このキノコ、植物ではない。もちろん動物でも無い。では何か、菌類である。植物、動物、そして菌類と付け加えてもいい程の大きな生態系の1つなのだ。動物界、植物界、そして菌界と並べてもいいほどの生き物なのである。そんな説明をされたからといって、特に何かを思うことはないだろう。ふーん、ってなもんである。

山だ、自然だ、では、それらが何から成り立ってるのか、何がそれらを作っているのか。そう問われれば、出てきそうなものは、土、草、花、木、森、水、雨、雪、沢、虫、動物たち、風、そして、太陽。そんなとこだろうか。菌類を敢えて出して来る人はそうそういないと思われる。

この菌類、地球上の生態系の歴史を紐解けば、極めて重要な役割を担っていたことを知ることになる。そして、現在においても、樹木、植物が生きるために、時には必須な共生生物でもあり、また、朽ちた植物や樹木、そして死した動物を分解する生き物でもある。これらの菌類のお陰で、生物界、森の循環が支えられている。

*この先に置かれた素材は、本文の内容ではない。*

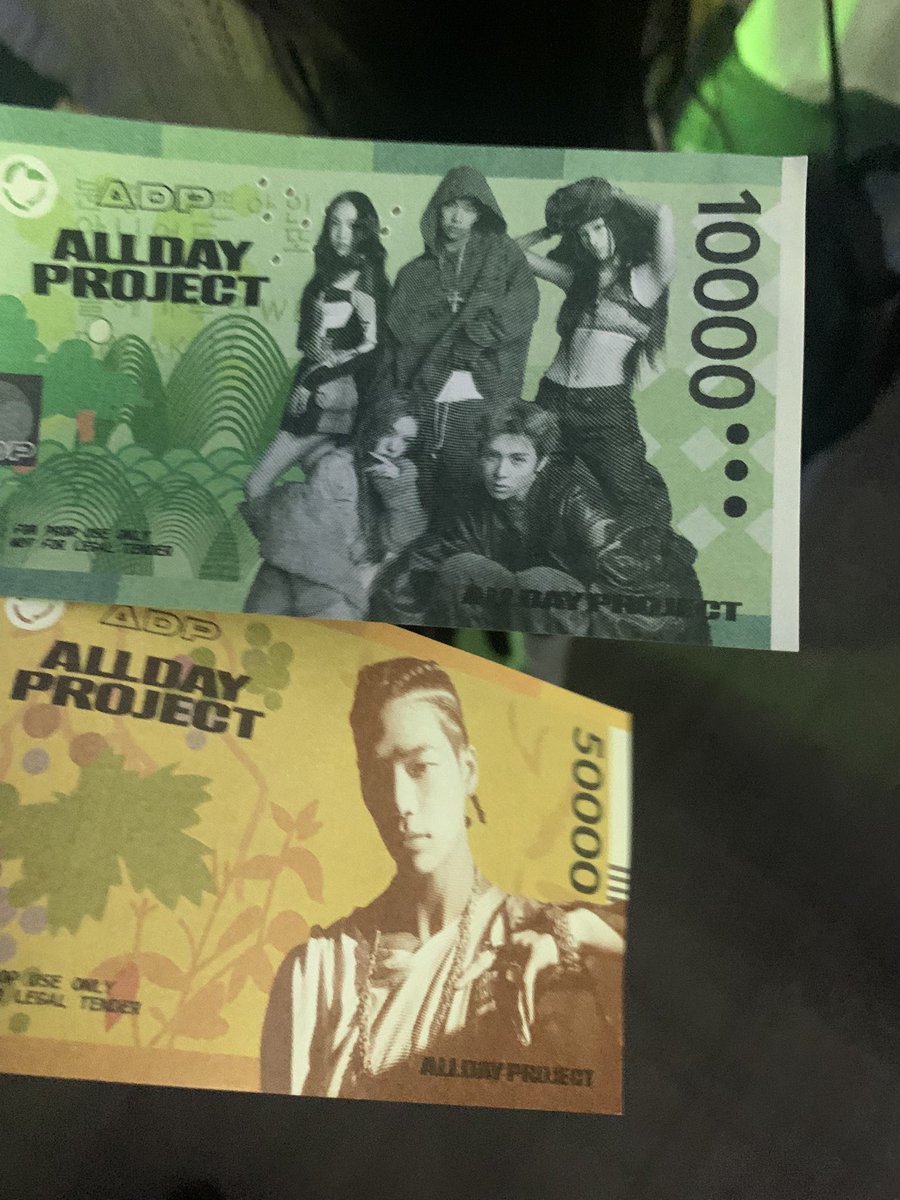 doi_alldaylove's tweet image. 가요대전에서 뿌린 돈 꼬라짘ㅋㅋㅋ #올데이프로젝트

太古の地球、海中にのみ生きる植物にとって陸上は地獄だった。

遥か太古、まだ海にしか生物が住めなかった時代。陸上は岩と砂からなる地獄だった。植物ですら地上にあがることはままならなかった。地上にあがるためには、重力に耐える強さ(茎の形成)、乾燥に耐える構造(表皮のワックス形成)などの物理的な部分での進化も必要となる。そして重要なのが、植物にとってのご飯だ。リン、窒素などの無機物が地上で取れるかどうかである。

海には無機物がミネラルとして豊富に溶け込んでおり、ごはんには困らない。摂取も容易だ。既に溶けているのだから。しかし地上にはそれらのミネラルは、摂取可能な状態としては極めて乏しかったと推定されている。また、水中にいれば、重力と戦う必要もなく、水の中であるから乾燥することもない。栄養素もたっぷり水に溶け込んでいる。しかし地上は地獄だ。ご飯も無ければ、重力もある、空気も乾けば干からびる。

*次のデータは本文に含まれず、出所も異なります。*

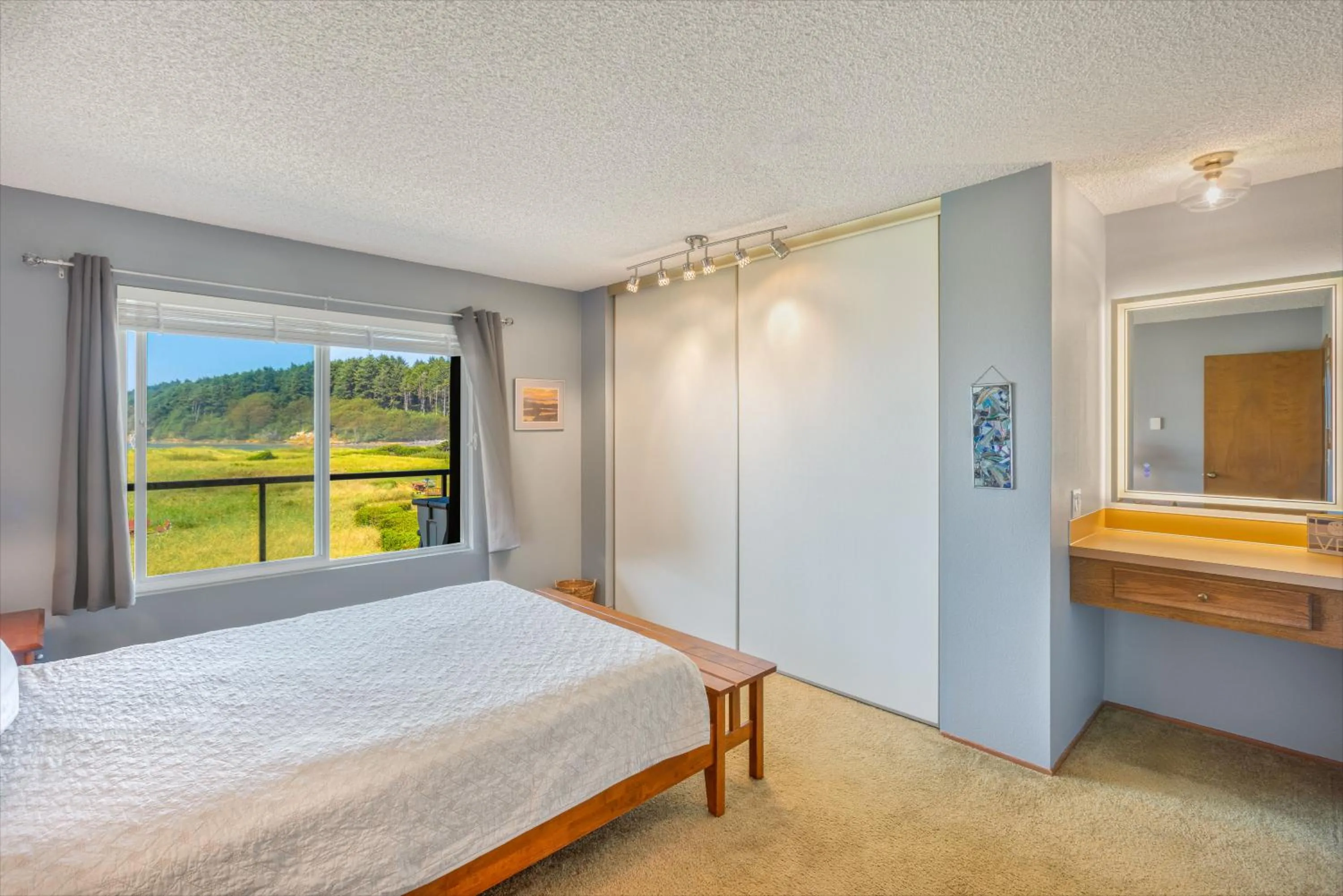 Bed in Hi-Tide Resort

しかし、一部の植物は、菌類との共進によって陸に上がった。

これらの植物(海藻)が陸にあがることができたのは、その当時、同じくして進化を始めた菌類との共生ができたからと推定されている。これらの共生型の菌を菌根菌と呼んでいる。

この菌根菌は、リン酸や窒素を吸収し、宿主である植物が吸収できる形に調理してご飯を供給する。植物は菌根菌から得た無機物を光合成により炭素化合物を生み出し、自身の体を作る。菌根菌は、自分では作れない炭素化合物をご飯として、根を少し頂く。こうして一部の植物は、海から陸へあがる活路を見出した。やがて、動物で言えば骨格となるような強さを備え(茎)、重力に負けずに立つことができる植物が遂に地上に登場する。シダ植物だ。乾燥や水分の吸い上げなど様々な問題を克服する器官を進化させていき、やがて被子植物、そして樹木へと進化した。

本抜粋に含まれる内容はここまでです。